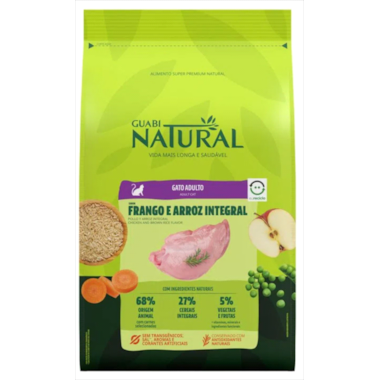 Ração Guabi Natural Frango Arroz Integral Gatos Adultos 1,5kg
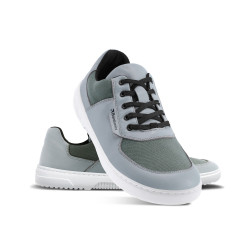 Chaussures cuir barefoot souples Sneakers Barebarics - Bravo - Grey & White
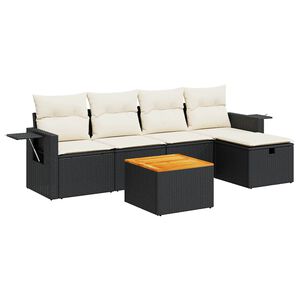 vidaXL 6 Piece Garden Sofa Set with Cushions Black Poly Rattan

**Directions:** The answer is to be the lines from the line that contains "Chaussures cuir barefoot" through the last line of the material, retyped exactly, both included, with pictures left out, please.

**Exercise answer:**
 Chaussures cuir barefoot souples Sneakers Barebarics - Bravo - Grey & White
 vidaXL 6 Piece Garden Sofa Set with Cushions Black Poly Rattan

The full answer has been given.